EXERCISE DESCRIPTION ::
Starting with the first line and ending with the one that holds "Photo 3 of Condo", retype the entries exactly.

Caption-style text data

=== Section Start ===

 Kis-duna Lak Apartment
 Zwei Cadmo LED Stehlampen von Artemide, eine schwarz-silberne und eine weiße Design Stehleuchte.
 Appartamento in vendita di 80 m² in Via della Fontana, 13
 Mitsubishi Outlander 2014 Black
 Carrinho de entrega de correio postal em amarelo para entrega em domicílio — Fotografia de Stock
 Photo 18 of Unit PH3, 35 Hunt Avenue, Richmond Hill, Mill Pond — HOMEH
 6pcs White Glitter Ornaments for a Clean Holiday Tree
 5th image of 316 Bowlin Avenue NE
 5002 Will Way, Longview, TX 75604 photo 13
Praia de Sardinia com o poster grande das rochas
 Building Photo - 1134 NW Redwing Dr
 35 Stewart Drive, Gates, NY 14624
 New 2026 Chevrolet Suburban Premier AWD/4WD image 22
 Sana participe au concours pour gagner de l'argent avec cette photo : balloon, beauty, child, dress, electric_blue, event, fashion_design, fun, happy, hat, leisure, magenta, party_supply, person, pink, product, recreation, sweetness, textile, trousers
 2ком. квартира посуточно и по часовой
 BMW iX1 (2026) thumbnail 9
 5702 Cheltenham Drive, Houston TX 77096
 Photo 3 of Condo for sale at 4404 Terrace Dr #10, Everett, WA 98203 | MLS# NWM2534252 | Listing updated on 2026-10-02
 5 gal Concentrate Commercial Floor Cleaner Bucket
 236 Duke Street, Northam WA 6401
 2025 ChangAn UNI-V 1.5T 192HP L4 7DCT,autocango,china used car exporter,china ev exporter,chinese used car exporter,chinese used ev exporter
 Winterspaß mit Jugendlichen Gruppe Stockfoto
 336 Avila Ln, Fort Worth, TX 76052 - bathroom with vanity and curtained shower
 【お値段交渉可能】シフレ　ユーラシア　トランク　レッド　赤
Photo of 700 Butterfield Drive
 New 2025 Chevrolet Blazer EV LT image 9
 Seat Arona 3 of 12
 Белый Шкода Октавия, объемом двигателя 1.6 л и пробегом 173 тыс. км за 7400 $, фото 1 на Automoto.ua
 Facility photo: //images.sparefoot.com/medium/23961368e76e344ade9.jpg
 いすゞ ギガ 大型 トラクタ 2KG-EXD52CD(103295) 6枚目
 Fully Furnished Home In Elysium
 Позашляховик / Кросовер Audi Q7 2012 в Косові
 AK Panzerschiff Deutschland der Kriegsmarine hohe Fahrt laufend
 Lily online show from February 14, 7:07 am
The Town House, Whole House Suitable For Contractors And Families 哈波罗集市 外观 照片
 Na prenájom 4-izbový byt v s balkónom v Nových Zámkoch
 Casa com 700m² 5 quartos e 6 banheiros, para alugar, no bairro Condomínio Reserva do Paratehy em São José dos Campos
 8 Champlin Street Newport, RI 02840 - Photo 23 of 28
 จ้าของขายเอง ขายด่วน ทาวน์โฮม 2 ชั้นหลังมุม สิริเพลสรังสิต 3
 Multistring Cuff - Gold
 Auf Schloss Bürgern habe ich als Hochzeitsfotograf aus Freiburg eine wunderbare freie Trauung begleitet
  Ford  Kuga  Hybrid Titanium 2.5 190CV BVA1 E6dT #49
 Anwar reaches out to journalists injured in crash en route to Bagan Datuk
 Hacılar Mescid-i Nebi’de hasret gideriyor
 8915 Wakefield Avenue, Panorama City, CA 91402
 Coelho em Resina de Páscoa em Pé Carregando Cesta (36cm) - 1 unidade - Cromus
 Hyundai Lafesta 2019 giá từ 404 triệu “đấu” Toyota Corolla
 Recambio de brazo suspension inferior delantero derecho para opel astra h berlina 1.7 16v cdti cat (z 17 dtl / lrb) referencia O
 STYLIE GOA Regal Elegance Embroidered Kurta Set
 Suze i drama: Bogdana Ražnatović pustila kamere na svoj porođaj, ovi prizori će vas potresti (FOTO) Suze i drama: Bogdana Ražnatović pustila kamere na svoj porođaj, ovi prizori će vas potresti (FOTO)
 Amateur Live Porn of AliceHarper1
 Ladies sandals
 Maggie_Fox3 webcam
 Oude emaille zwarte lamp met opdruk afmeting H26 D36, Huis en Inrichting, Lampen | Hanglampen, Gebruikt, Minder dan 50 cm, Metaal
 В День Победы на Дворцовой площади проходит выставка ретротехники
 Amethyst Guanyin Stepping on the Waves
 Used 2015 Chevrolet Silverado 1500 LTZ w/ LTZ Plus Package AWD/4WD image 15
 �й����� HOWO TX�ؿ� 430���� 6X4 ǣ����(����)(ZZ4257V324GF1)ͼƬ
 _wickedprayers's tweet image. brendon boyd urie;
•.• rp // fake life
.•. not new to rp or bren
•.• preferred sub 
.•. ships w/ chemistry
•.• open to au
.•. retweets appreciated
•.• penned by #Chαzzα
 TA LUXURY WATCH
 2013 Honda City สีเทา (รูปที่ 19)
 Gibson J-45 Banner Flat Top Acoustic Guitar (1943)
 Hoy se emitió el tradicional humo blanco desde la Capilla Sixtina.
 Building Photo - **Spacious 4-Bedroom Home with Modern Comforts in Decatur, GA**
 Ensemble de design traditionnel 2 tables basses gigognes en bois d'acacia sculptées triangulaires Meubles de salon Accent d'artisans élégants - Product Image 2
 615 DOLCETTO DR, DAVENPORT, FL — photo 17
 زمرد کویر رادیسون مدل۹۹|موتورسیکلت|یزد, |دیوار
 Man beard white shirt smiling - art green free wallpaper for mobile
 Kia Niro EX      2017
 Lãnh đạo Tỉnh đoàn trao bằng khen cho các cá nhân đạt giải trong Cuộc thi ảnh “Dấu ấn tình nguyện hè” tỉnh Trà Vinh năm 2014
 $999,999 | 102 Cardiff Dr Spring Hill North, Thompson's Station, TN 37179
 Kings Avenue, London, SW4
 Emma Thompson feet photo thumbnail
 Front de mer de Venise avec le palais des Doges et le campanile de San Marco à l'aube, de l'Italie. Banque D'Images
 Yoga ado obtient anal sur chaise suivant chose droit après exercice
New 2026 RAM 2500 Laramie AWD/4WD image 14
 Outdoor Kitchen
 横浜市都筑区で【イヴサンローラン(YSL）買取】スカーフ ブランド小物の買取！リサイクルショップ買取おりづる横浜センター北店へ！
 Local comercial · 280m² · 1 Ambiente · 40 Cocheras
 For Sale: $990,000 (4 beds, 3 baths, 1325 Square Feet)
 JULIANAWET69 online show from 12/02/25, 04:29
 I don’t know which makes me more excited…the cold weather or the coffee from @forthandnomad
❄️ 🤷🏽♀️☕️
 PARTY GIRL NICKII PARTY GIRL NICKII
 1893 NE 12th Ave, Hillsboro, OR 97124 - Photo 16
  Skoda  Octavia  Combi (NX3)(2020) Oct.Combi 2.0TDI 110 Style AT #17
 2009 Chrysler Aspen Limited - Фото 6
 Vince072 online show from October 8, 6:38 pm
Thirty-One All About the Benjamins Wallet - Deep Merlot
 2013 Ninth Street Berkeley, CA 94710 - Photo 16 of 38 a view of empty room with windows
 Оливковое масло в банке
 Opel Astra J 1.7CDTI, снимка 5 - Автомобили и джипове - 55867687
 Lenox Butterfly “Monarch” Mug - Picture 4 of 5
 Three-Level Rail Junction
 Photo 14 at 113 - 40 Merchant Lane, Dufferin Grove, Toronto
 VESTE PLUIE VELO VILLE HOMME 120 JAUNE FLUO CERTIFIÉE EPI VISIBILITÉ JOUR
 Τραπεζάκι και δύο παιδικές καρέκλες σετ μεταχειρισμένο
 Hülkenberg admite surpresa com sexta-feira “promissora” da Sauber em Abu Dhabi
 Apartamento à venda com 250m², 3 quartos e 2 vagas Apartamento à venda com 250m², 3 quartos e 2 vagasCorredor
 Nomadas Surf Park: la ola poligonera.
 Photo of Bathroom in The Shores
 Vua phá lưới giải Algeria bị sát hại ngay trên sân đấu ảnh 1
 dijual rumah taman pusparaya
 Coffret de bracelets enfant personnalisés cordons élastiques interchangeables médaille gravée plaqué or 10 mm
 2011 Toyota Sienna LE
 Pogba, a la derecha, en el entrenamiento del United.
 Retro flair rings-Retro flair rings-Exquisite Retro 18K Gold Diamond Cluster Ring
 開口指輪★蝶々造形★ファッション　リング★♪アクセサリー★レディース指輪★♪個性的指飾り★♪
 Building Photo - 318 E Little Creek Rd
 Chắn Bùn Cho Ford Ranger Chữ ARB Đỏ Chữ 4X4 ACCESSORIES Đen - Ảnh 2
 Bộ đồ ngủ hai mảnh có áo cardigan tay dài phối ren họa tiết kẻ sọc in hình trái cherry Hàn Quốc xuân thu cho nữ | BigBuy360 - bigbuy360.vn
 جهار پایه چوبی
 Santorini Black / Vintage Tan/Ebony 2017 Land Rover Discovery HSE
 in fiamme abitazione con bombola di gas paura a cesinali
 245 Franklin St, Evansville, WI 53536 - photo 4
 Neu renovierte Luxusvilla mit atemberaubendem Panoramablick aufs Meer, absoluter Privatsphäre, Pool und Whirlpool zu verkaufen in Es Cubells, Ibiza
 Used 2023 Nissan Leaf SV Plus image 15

=== Section End ===

REPLY TO THE TASK ::
 Kis-duna Lak Apartment
 Zwei Cadmo LED Stehlampen von Artemide, eine schwarz-silberne und eine weiße Design Stehleuchte.
 Appartamento in vendita di 80 m² in Via della Fontana, 13
 Mitsubishi Outlander 2014 Black
 Carrinho de entrega de correio postal em amarelo para entrega em domicílio — Fotografia de Stock
 Photo 18 of Unit PH3, 35 Hunt Avenue, Richmond Hill, Mill Pond — HOMEH
 6pcs White Glitter Ornaments for a Clean Holiday Tree
 5th image of 316 Bowlin Avenue NE
 5002 Will Way, Longview, TX 75604 photo 13
Praia de Sardinia com o poster grande das rochas
 Building Photo - 1134 NW Redwing Dr
 35 Stewart Drive, Gates, NY 14624
 New 2026 Chevrolet Suburban Premier AWD/4WD image 22
 Sana participe au concours pour gagner de l'argent avec cette photo : balloon, beauty, child, dress, electric_blue, event, fashion_design, fun, happy, hat, leisure, magenta, party_supply, person, pink, product, recreation, sweetness, textile, trousers
 2ком. квартира посуточно и по часовой
 BMW iX1 (2026) thumbnail 9
 5702 Cheltenham Drive, Houston TX 77096
 Photo 3 of Condo for sale at 4404 Terrace Dr #10, Everett, WA 98203 | MLS# NWM2534252 | Listing updated on 2026-10-02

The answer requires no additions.